The northern brushtail possum (Trichosurus arnhemensis) is a nocturnal marsupial inhabiting northern Australia.  The northern brushtail possum is sometimes considered a species, however more often than not is considered a subspecies of the common brushtail possum (Trichosurus vulpecula arnhemensis).

Lifestyle 
Possums are nocturnal in nature, so feed between dawn and dusk. They are territorial creatures and can be found alone or in family groups.

Appearance 
Its fur is a grey in colour, with a white underbelly and pink skin. The northern brushtail possum can grow up to  in length, not including its tail, and is around the size of a small cat. Unlike its relatives and despite what its name suggests, the northern brushtail possum does not have a bushy tail.
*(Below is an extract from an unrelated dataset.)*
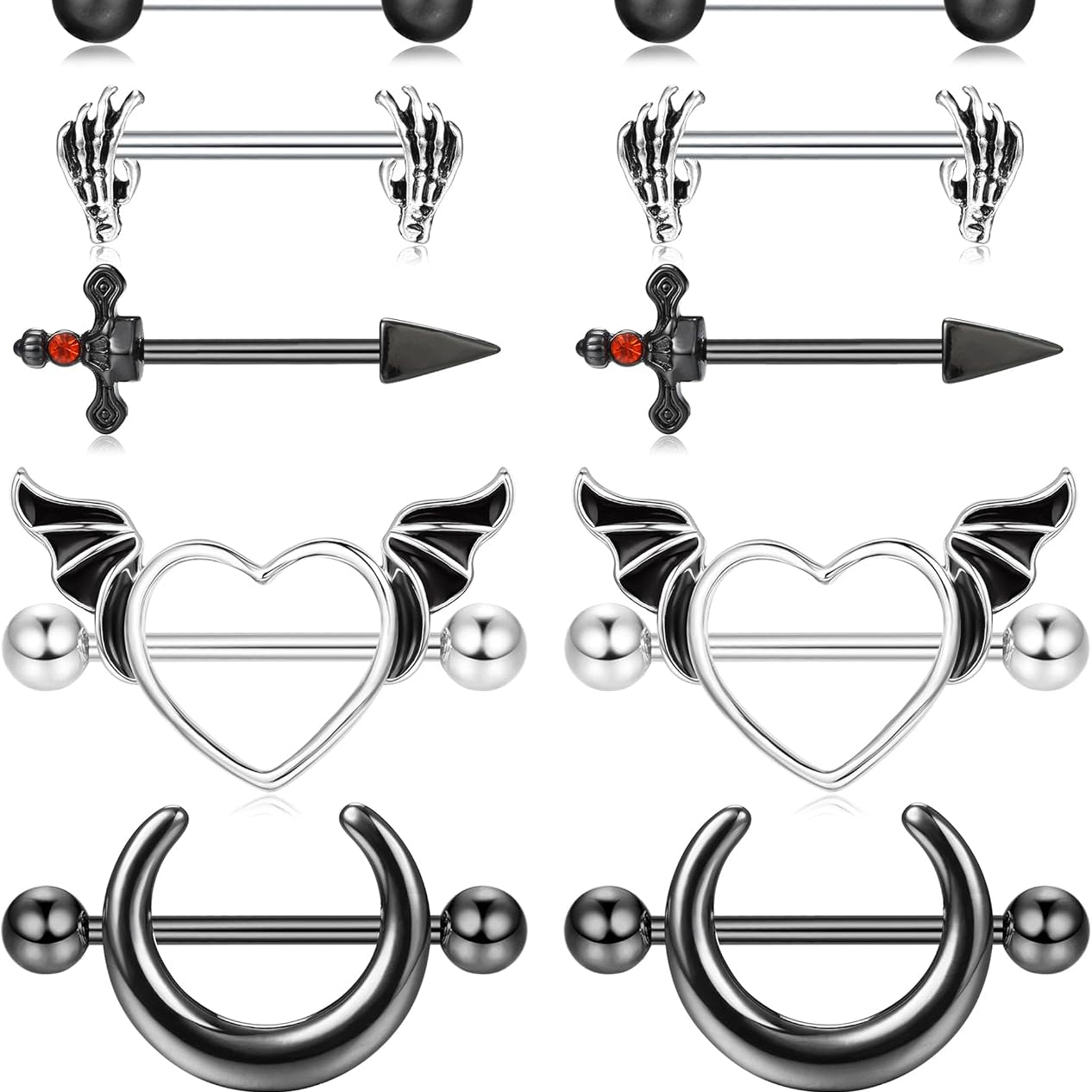 6 Pairs 14G Nipple Rings for Women 316L Stainless Steel Heart Butterfly Moon CZ Flower Barbell Nipple Rings Set Cute Nipplerings Piercing Jewelry - QIAO CrystalQIAO CrystalQIAO Crystal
Lifespan and reproduction 
The northern brushtail possum breeds year-round, with a gestation period around 17–18 days and pouch period of 4–5 months. It can live up to 15 years.

Diseases 
Many of the NT possums are found to have contracted a flesh eating bacteria. This causes their faces to be eaten away and often results in blindness. The disease has been widely spread within the possum community, also affecting Ringtail possums. Possums brought into the local RSPCA after contracting the disease are commonly put down. Once the possums contract the sickness they are often found to be more welcoming to humans, and will approach when practical.

Relationship with humans 
The northern brushtail possum is well adapted to rural and urban areas and is sometimes considered a pest when found in high numbers. Like other possums, it is rather tolerant of humans and can sometimes be hand fed, although it is not encouraged, as its claws are quite sharp and can cause infection or disease to humans if scratched.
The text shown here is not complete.